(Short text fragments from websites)
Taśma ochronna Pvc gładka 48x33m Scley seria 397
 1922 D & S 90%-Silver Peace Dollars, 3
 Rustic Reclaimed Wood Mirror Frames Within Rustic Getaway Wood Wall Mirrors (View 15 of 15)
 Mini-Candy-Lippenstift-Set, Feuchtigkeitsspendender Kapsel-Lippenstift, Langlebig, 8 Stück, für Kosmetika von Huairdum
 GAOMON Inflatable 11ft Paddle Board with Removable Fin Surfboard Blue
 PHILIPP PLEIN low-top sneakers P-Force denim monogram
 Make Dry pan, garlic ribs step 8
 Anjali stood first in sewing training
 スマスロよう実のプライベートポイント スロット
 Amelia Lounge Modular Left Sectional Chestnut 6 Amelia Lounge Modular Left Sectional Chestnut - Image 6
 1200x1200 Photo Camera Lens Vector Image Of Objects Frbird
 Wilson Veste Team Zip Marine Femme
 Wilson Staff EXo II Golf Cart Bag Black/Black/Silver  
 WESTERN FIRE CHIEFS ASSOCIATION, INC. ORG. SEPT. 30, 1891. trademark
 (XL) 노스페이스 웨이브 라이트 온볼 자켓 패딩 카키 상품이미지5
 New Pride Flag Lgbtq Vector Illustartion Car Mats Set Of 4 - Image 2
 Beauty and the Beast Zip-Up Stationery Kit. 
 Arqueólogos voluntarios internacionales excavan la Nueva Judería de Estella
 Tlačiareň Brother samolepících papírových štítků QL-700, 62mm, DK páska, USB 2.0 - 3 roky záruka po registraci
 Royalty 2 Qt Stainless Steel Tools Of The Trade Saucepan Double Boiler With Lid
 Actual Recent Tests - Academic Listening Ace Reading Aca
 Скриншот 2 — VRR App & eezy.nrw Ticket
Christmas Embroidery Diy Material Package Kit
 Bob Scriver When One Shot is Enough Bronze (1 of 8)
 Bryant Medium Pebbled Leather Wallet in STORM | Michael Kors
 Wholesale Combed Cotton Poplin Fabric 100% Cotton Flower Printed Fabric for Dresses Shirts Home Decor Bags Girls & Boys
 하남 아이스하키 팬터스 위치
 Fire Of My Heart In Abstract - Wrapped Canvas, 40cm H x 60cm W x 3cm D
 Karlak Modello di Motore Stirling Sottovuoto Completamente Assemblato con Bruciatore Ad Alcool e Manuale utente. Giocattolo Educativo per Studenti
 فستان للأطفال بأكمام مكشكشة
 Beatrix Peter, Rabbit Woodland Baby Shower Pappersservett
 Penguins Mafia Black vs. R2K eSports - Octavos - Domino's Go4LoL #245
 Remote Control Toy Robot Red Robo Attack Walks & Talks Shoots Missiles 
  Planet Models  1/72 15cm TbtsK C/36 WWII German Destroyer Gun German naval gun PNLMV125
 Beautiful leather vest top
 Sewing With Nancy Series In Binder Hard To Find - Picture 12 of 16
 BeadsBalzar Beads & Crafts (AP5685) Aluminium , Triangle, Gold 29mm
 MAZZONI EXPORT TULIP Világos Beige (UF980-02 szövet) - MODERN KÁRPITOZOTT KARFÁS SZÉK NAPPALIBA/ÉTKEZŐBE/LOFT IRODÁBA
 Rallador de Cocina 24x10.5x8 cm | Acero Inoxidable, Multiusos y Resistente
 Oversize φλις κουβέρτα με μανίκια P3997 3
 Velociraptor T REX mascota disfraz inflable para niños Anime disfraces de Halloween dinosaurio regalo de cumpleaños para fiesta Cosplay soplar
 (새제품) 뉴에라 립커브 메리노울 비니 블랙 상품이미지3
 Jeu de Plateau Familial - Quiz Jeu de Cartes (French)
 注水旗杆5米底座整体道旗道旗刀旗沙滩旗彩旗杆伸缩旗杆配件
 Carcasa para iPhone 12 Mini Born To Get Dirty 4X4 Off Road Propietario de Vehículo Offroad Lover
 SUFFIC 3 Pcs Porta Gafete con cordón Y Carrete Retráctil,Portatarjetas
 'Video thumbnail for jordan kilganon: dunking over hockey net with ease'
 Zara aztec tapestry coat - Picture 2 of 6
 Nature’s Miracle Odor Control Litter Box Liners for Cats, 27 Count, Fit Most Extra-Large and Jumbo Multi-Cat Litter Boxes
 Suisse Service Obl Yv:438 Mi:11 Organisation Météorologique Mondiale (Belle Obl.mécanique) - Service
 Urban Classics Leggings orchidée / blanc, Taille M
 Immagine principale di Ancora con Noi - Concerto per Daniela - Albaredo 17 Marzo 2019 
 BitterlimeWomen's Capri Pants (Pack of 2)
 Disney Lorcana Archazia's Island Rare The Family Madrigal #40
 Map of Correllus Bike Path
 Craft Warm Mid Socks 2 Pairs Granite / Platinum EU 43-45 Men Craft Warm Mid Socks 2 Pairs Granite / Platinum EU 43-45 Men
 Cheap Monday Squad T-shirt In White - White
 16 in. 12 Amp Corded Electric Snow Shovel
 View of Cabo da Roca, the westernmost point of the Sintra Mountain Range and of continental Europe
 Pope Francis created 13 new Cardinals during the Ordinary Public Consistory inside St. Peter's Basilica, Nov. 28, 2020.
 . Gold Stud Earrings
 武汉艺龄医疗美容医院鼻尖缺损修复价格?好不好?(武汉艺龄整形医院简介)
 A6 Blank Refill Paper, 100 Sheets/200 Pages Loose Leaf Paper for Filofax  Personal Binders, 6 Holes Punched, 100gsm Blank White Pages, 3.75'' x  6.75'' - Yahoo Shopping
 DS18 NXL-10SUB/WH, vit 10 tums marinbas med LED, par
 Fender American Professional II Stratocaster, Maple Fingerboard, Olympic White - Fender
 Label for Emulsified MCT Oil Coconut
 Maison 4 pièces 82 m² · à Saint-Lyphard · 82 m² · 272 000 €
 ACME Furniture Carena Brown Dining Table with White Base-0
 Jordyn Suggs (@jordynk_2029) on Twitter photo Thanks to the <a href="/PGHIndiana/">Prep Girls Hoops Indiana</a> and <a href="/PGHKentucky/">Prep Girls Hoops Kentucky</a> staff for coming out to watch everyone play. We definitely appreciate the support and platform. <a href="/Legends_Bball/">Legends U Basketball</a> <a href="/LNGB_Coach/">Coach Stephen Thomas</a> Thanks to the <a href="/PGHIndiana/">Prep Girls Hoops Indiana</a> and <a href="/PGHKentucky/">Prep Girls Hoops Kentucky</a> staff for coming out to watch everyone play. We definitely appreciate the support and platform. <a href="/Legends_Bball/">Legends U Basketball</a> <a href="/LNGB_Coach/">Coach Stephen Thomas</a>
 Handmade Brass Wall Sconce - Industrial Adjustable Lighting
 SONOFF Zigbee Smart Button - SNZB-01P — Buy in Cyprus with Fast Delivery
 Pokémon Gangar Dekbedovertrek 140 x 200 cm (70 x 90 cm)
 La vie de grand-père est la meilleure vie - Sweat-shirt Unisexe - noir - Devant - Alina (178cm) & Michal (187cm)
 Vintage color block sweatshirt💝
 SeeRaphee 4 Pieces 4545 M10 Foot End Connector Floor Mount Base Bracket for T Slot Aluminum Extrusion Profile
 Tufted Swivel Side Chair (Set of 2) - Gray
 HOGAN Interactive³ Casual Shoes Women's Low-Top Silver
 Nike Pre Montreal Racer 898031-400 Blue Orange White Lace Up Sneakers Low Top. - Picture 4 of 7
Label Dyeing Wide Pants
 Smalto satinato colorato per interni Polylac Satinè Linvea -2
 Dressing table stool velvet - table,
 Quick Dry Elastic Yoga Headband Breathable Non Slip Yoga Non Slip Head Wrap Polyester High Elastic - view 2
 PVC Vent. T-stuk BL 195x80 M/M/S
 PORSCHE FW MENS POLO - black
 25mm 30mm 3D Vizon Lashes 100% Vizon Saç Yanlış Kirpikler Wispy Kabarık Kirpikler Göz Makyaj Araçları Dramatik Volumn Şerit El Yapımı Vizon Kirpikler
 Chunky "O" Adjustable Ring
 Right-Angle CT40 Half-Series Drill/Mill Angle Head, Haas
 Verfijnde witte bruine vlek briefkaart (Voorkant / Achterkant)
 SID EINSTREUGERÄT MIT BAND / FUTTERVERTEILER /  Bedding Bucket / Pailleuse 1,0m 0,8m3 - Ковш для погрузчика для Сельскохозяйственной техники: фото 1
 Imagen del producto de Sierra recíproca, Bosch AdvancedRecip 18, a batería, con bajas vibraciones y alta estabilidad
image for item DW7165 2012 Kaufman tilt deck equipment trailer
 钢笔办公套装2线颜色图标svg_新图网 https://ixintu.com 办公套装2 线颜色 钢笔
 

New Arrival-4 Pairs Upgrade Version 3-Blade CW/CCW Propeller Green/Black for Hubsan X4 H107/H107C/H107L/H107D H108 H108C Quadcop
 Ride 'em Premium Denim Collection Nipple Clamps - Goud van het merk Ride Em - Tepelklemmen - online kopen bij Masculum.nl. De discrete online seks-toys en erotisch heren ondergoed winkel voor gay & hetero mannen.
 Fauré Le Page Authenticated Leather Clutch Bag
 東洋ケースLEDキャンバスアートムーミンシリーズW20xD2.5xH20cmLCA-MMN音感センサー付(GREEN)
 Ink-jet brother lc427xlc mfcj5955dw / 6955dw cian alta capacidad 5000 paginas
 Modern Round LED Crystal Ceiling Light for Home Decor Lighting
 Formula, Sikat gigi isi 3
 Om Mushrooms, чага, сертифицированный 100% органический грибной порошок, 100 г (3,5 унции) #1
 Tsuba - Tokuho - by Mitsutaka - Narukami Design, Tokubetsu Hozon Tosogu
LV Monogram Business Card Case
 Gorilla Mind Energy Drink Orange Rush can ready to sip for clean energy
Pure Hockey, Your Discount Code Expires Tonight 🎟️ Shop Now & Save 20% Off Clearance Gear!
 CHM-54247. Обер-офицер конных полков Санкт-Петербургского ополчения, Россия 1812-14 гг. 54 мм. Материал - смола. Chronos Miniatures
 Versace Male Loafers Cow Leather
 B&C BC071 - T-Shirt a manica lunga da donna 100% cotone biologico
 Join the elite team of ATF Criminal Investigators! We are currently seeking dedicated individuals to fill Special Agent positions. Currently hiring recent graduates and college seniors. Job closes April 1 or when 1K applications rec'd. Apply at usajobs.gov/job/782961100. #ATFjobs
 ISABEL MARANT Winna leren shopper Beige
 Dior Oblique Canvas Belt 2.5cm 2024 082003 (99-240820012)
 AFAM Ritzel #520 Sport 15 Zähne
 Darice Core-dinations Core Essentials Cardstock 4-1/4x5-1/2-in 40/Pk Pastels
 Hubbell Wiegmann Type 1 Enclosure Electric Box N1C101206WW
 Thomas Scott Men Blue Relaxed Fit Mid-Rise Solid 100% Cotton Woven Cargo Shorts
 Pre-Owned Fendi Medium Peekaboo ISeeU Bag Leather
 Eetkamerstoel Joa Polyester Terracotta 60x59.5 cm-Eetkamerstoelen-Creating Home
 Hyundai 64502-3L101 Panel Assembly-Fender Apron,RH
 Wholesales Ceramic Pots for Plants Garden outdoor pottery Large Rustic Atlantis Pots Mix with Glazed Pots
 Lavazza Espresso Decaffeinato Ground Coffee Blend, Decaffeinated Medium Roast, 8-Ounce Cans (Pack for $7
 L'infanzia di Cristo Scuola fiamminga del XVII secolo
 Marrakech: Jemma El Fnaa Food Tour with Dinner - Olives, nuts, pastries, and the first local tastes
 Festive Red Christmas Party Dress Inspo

▶ EXERCISE INSTRUCTIONS: Only lines containing the string "Silver" are needed. Pull each of them out of the records above.

▶ TASK RESULT:
 1922 D & S 90%-Silver Peace Dollars, 3
 Wilson Staff EXo II Golf Cart Bag Black/Black/Silver  
 HOGAN Interactive³ Casual Shoes Women's Low-Top Silver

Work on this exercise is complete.